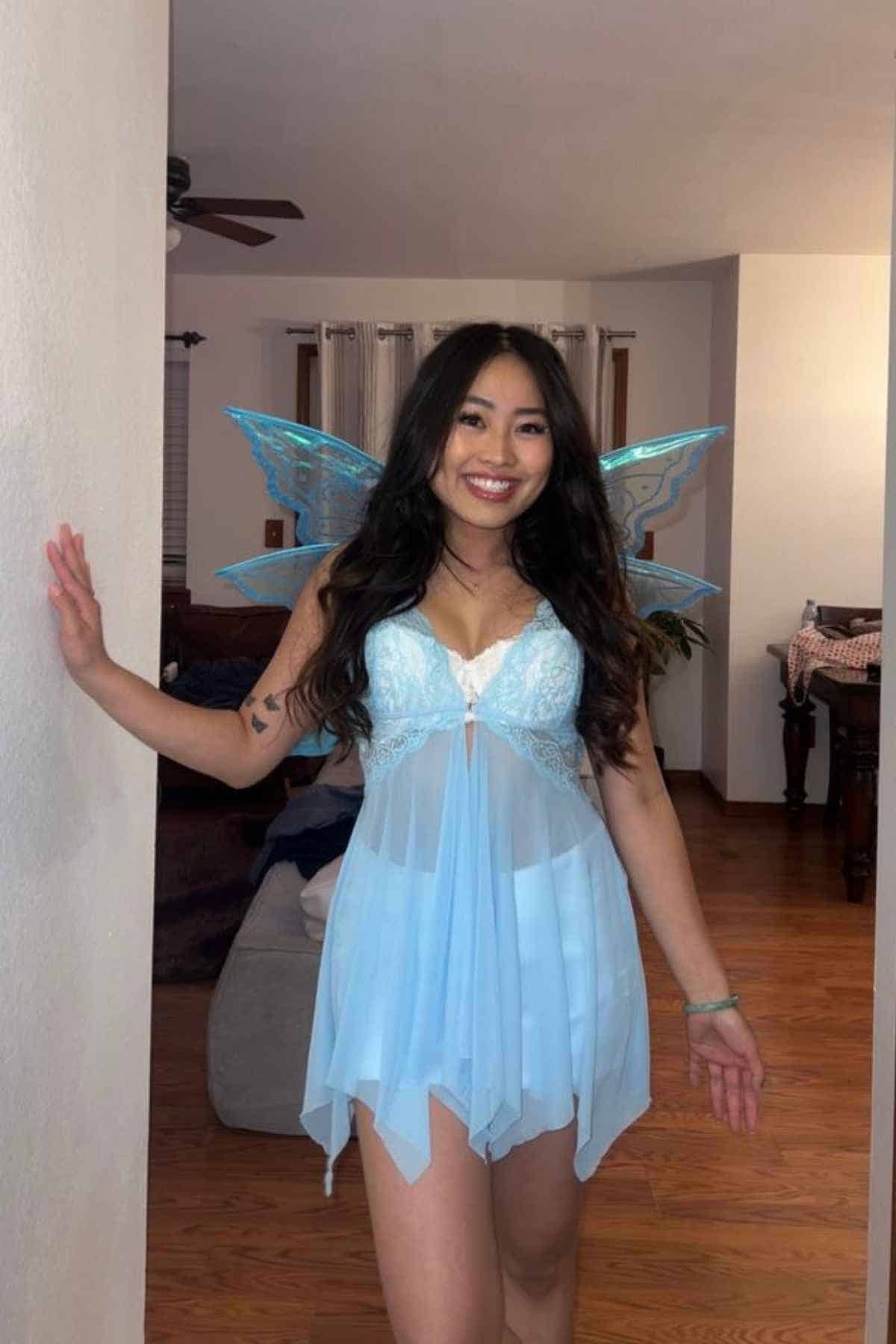 Woman in a light blue fairy costume with wings stands indoors, smiling at the camera with one hand on the wall.
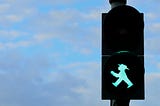 Photo of the green for “go” state on a German pedestrian signal from former East Germany. It shows the outline of a man in a hat.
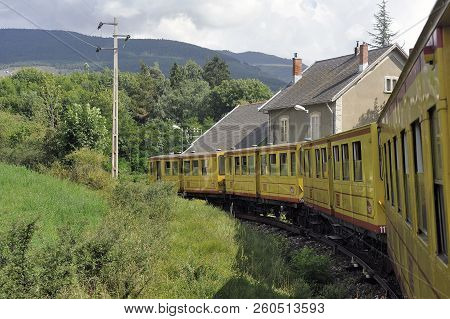 Latour De Carol - September 4, 2018: The Small Yellow Train Of The Pyrenees Crossing A Beautiful Mou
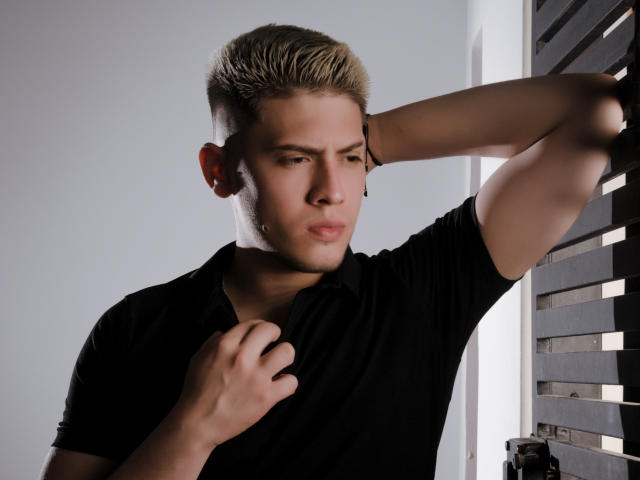 SebastiianMaxime tiene el cabello rubio y puntiagudo, viste una camiseta polo negra, con una mano en el pecho y el otro brazo levantado, con una expresión de puchero. Sus glúteos son ligeramente visibles..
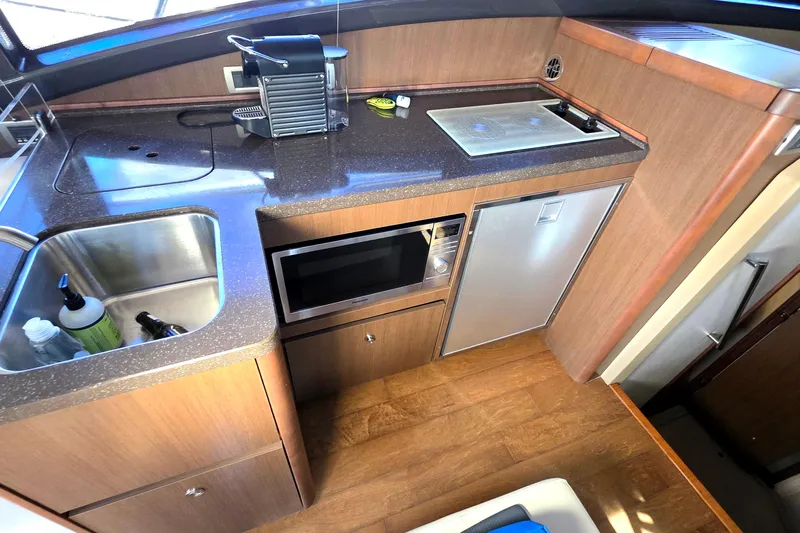  Yacht Photos Pics Compact kitchen area in a 2016 Sea Ray Sundancer 400 yacht with sink, microwave, and mini-fridge.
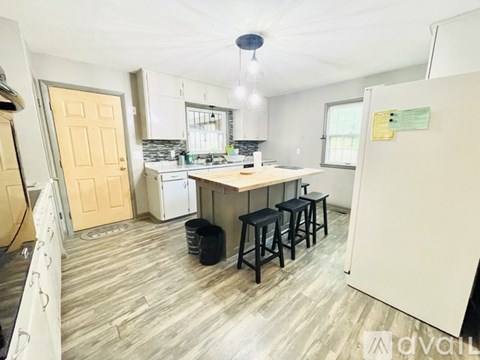 A kitchen with a table and chairs in the middle of the room.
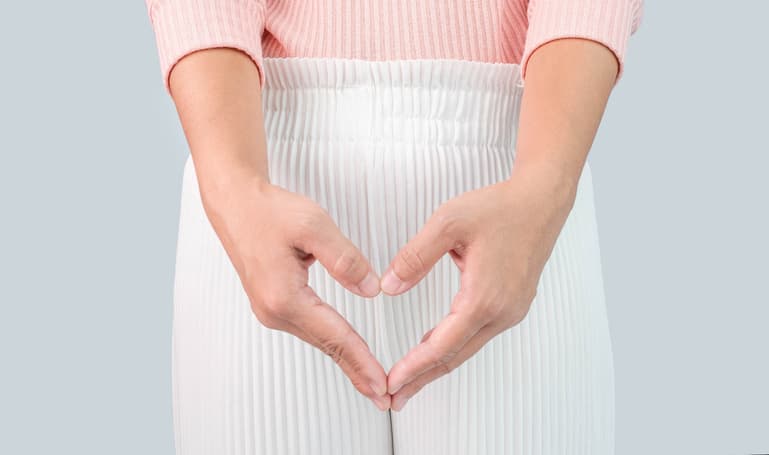 Women’s Pelvic Health Woman holding her hands in a heart shape over her pelvic area, representing pelvic health, wellness, and women’s health care.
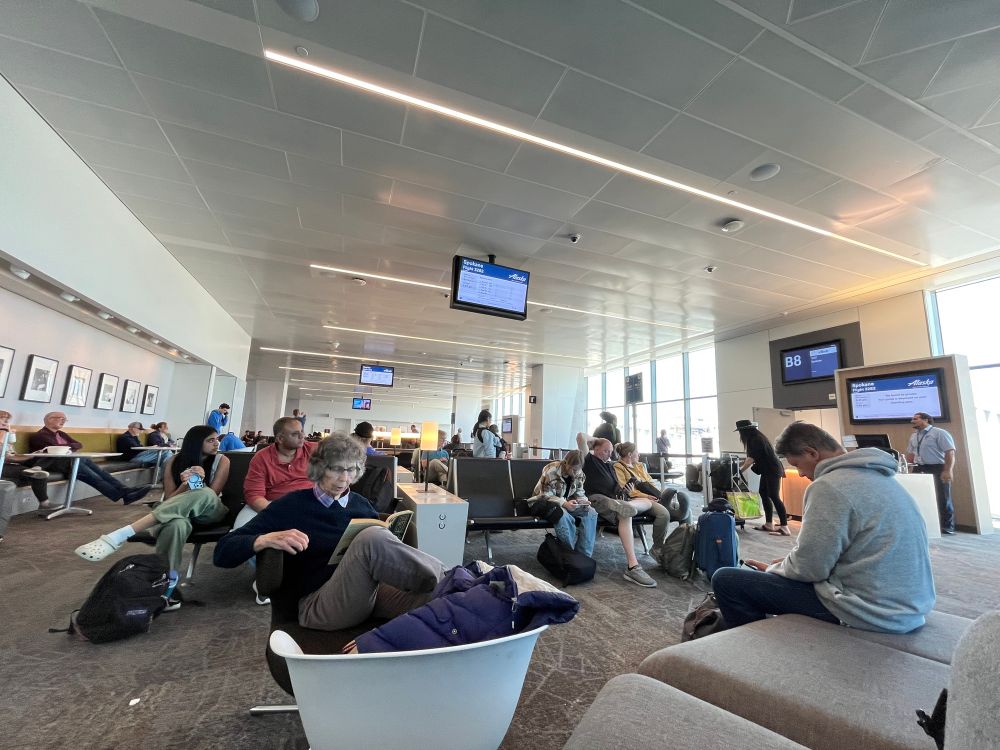 People waiting at boarding gates at San Francisco International Airport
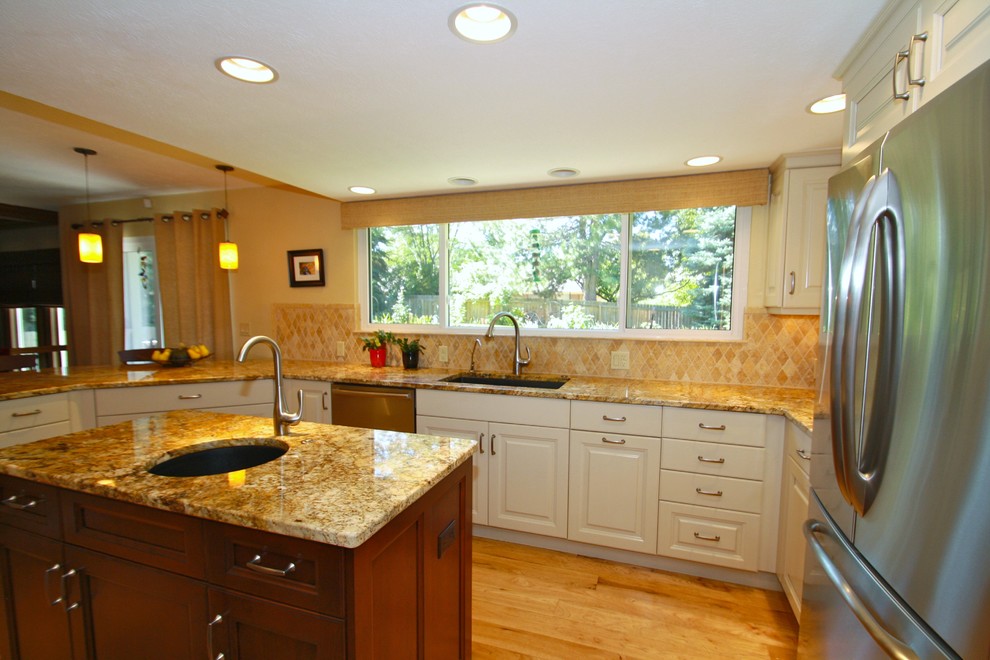 Inspiration for a large transitional u-shaped medium tone wood floor eat-in kitchen remodel in Denver with an undermount sink, raised-panel cabinets, white cabinets, granite countertops, beige backsplash, ceramic backsplash, stainless steel appliances and an island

ABOUT THIS EXERCISE:
The response must consist of the entries above exactly as they stand, minus any pictures.

RESULT OF THE TASK:
 Woman in a light blue fairy costume with wings stands indoors, smiling at the camera with one hand on the wall.
 Photo of the green for “go” state on a German pedestrian signal from former East Germany. It shows the outline of a man in a hat.
 Latour De Carol - September 4, 2018: The Small Yellow Train Of The Pyrenees Crossing A Beautiful Mou
 SebastiianMaxime tiene el cabello rubio y puntiagudo, viste una camiseta polo negra, con una mano en el pecho y el otro brazo levantado, con una expresión de puchero. Sus glúteos son ligeramente visibles..
  Yacht Photos Pics Compact kitchen area in a 2016 Sea Ray Sundancer 400 yacht with sink, microwave, and mini-fridge.
 A kitchen with a table and chairs in the middle of the room.
 Women’s Pelvic Health Woman holding her hands in a heart shape over her pelvic area, representing pelvic health, wellness, and women’s health care.
 People waiting at boarding gates at San Francisco International Airport
 Inspiration for a large transitional u-shaped medium tone wood floor eat-in kitchen remodel in Denver with an undermount sink, raised-panel cabinets, white cabinets, granite countertops, beige backsplash, ceramic backsplash, stainless steel appliances and an island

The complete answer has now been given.